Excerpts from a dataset

* * * *

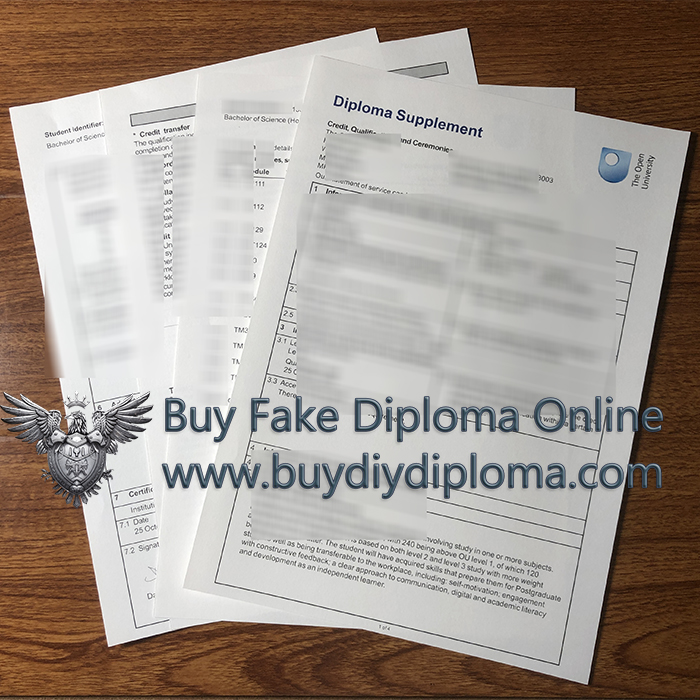 Open University Academic record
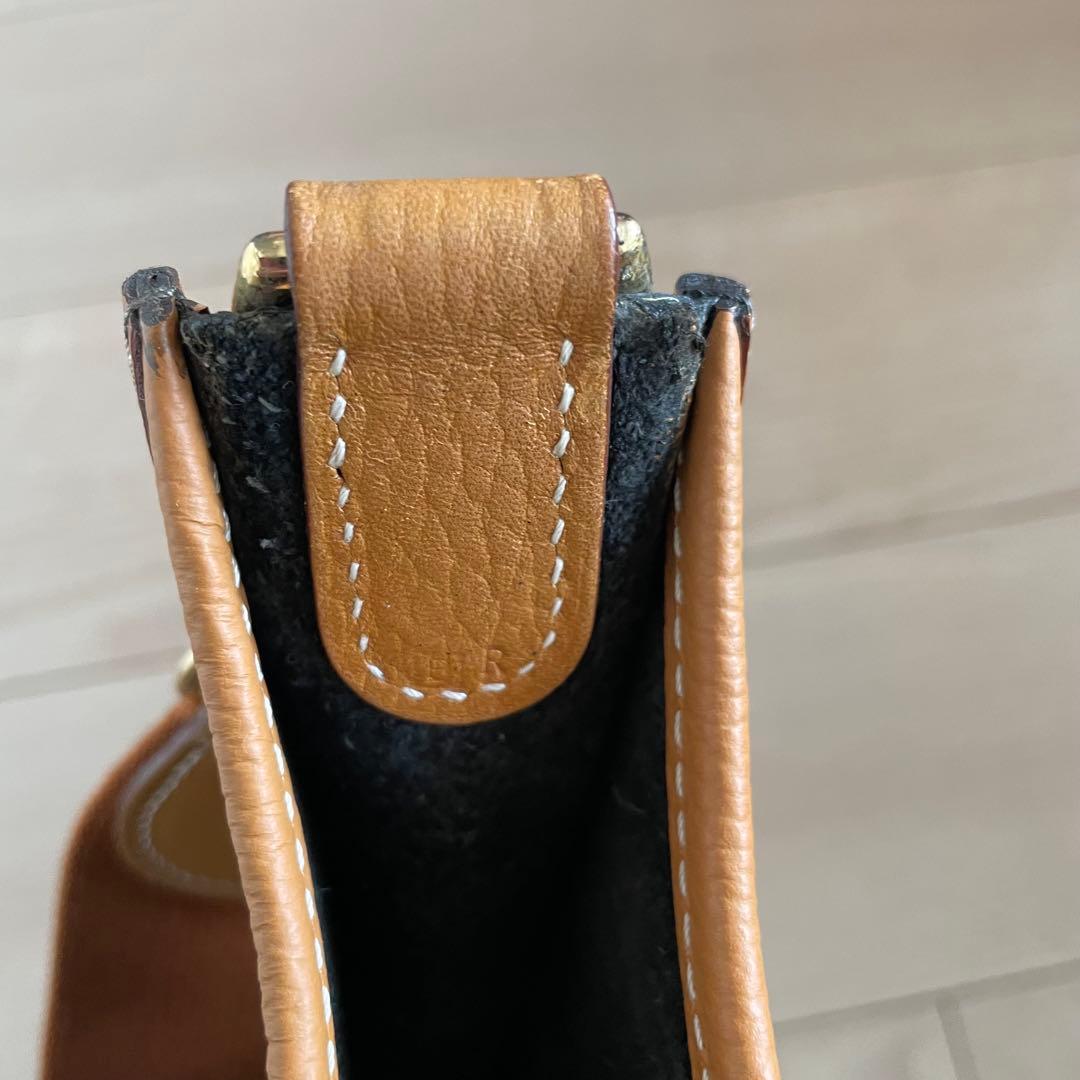 エルメス エヴリンGM 刻印あり 黒×ナチュラル バイカラー ゴールド金具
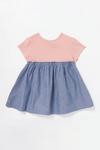 Blue Zoo Baby Girls Pink Floral Applique Dress thumbnail 2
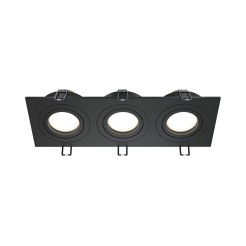 MAYTONI Spot reflektor sufitowy 3punktowy Wbudowany Obrotowy Atom 10W GU10 DL024-2-03B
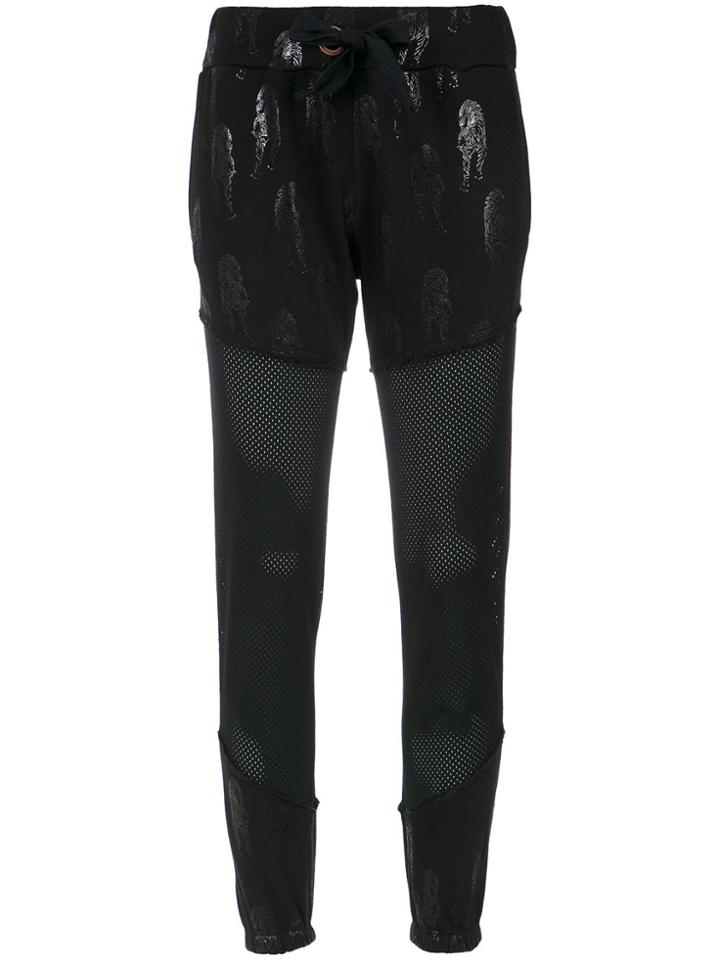 Andrea Bogosian Panelled Jogging Trousers - Black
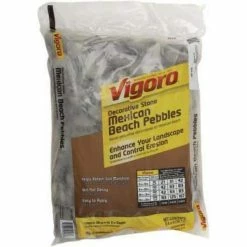 Vigoro 0.4 cu. ft. Bagged Mexican Beach Pebble Landscape Rock 10 Vigoro 0.4 cu. ft. Bagged Mexican Beach Pebble Landscape Rock -VIGORO Store vigoro bagged landscape rocks hdmbp3 30 1d 1000
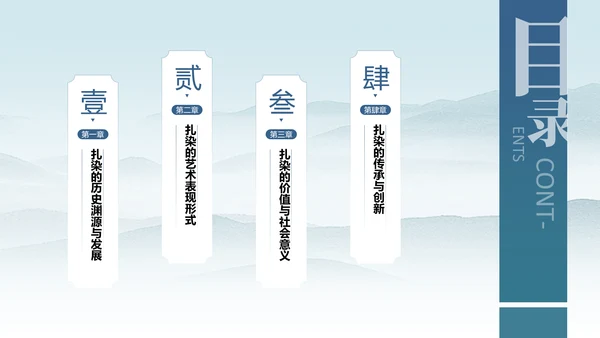 蓝色中国风非遗扎染的艺术魅力PPT模板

* * * *

Problem to solve
The job here is to retype the data exactly, with no pictures included.

Result of this task
 Open University Academic record
 エルメス エヴリンGM 刻印あり 黒×ナチュラル バイカラー ゴールド金具
 Blue Zoo Baby Girls Pink Floral Applique Dress thumbnail 2
 MAYTONI Spot reflektor sufitowy 3punktowy Wbudowany Obrotowy Atom 10W GU10 DL024-2-03B
 Andrea Bogosian Panelled Jogging Trousers - Black
 Vigoro 0.4 cu. ft. Bagged Mexican Beach Pebble Landscape Rock 10 Vigoro 0.4 cu. ft. Bagged Mexican Beach Pebble Landscape Rock -VIGORO Store vigoro bagged landscape rocks hdmbp3 30 1d 1000
 蓝色中国风非遗扎染的艺术魅力PPT模板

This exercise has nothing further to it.